Stored items from a collection
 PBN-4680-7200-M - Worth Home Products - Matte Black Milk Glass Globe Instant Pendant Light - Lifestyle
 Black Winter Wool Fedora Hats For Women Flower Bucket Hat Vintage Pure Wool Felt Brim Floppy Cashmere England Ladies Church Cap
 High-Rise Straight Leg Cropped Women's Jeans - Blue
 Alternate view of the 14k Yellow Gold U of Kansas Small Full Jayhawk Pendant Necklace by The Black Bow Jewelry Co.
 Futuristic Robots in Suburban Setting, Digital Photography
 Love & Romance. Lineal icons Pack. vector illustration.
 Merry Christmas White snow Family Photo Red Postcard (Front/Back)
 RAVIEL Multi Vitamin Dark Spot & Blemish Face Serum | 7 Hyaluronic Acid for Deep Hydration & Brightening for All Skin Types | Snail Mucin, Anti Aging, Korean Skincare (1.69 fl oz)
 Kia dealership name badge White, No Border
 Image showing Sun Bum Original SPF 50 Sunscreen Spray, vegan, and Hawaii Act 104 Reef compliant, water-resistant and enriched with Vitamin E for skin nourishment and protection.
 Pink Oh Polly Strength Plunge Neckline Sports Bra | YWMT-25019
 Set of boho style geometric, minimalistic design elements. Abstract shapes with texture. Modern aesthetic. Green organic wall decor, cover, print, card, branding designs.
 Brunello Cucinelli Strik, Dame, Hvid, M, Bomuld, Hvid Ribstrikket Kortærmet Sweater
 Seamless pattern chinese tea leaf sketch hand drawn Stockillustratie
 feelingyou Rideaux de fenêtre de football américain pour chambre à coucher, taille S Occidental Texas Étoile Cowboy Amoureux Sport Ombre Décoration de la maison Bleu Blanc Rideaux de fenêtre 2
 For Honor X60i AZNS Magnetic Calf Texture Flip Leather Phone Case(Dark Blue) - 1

TASK REQUIREMENTS
Can you repeat, word for word, every line above from the one containing "Black Winter Wool" down to the one containing "feelingyou Rideaux de", including both?

TASK SOLUTION
 Black Winter Wool Fedora Hats For Women Flower Bucket Hat Vintage Pure Wool Felt Brim Floppy Cashmere England Ladies Church Cap
 High-Rise Straight Leg Cropped Women's Jeans - Blue
 Alternate view of the 14k Yellow Gold U of Kansas Small Full Jayhawk Pendant Necklace by The Black Bow Jewelry Co.
 Futuristic Robots in Suburban Setting, Digital Photography
 Love & Romance. Lineal icons Pack. vector illustration.
 Merry Christmas White snow Family Photo Red Postcard (Front/Back)
 RAVIEL Multi Vitamin Dark Spot & Blemish Face Serum | 7 Hyaluronic Acid for Deep Hydration & Brightening for All Skin Types | Snail Mucin, Anti Aging, Korean Skincare (1.69 fl oz)
 Kia dealership name badge White, No Border
 Image showing Sun Bum Original SPF 50 Sunscreen Spray, vegan, and Hawaii Act 104 Reef compliant, water-resistant and enriched with Vitamin E for skin nourishment and protection.
 Pink Oh Polly Strength Plunge Neckline Sports Bra | YWMT-25019
 Set of boho style geometric, minimalistic design elements. Abstract shapes with texture. Modern aesthetic. Green organic wall decor, cover, print, card, branding designs.
 Brunello Cucinelli Strik, Dame, Hvid, M, Bomuld, Hvid Ribstrikket Kortærmet Sweater
 Seamless pattern chinese tea leaf sketch hand drawn Stockillustratie
 feelingyou Rideaux de fenêtre de football américain pour chambre à coucher, taille S Occidental Texas Étoile Cowboy Amoureux Sport Ombre Décoration de la maison Bleu Blanc Rideaux de fenêtre 2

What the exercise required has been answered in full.